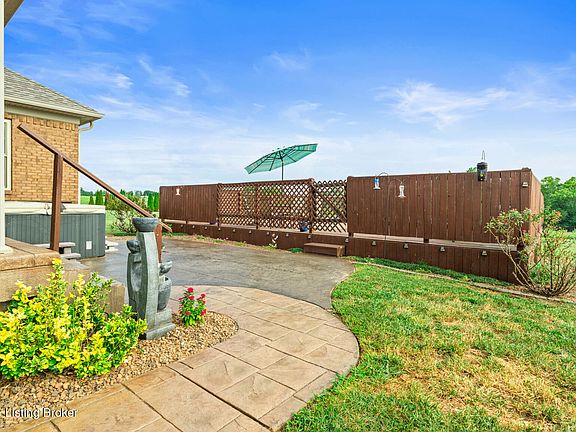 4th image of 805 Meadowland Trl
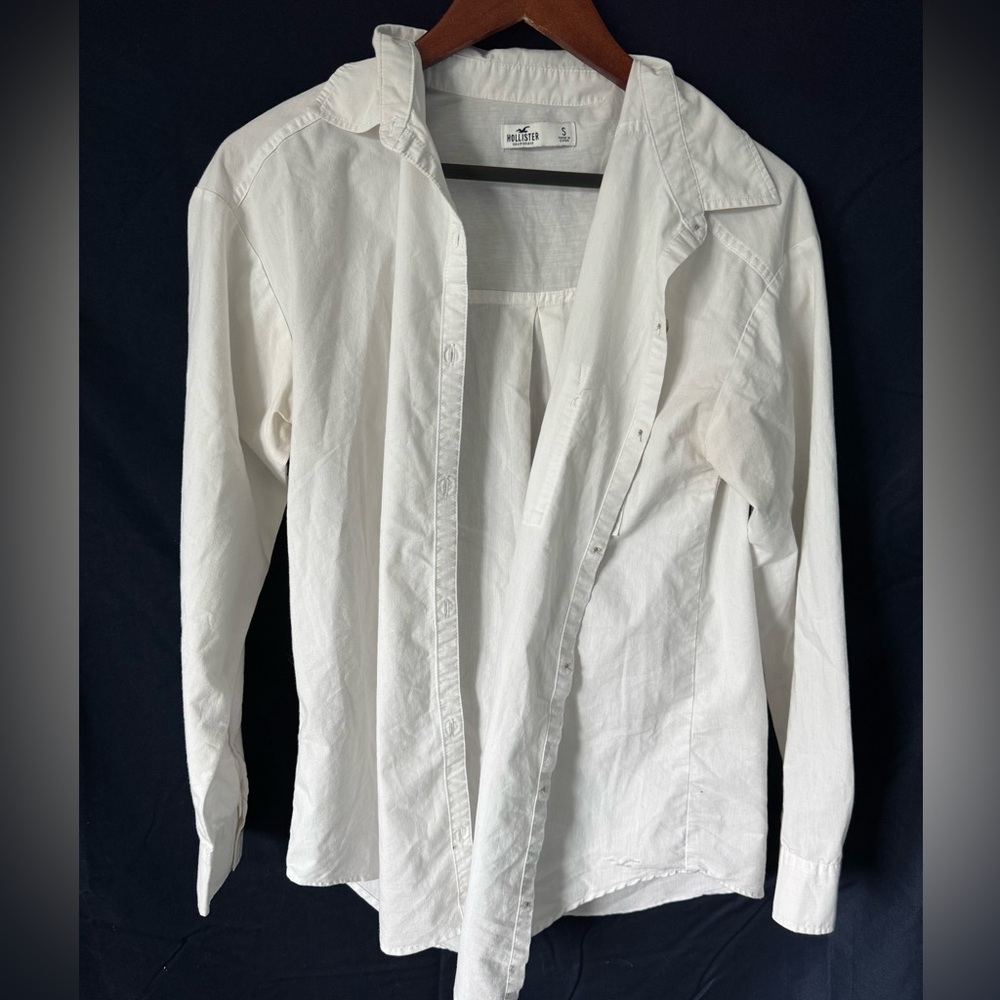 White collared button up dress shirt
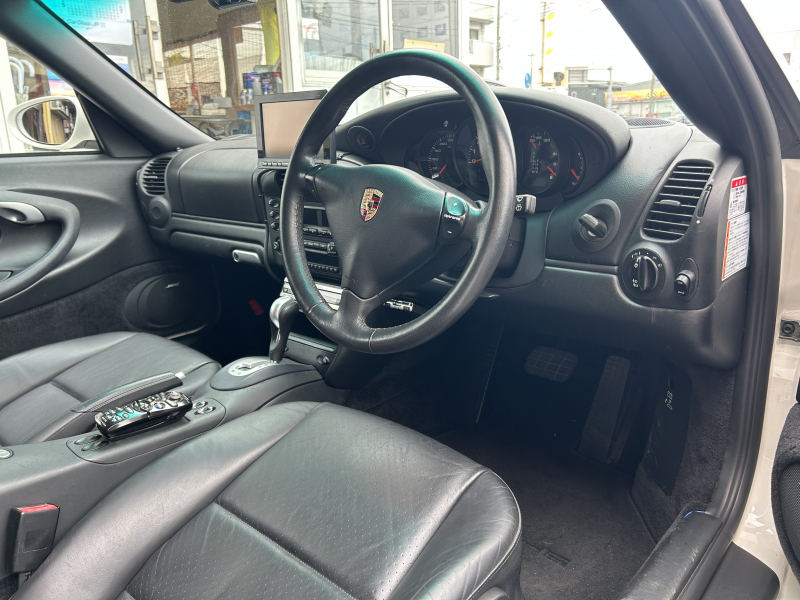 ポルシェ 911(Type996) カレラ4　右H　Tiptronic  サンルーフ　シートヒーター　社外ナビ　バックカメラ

..........

■ **Problem to work on**
Any picture in the data is to be skipped, while each line is returned exactly as written.

■ **Answer box**
 4th image of 805 Meadowland Trl
 White collared button up dress shirt
 ポルシェ 911(Type996) カレラ4　右H　Tiptronic  サンルーフ　シートヒーター　社外ナビ　バックカメラ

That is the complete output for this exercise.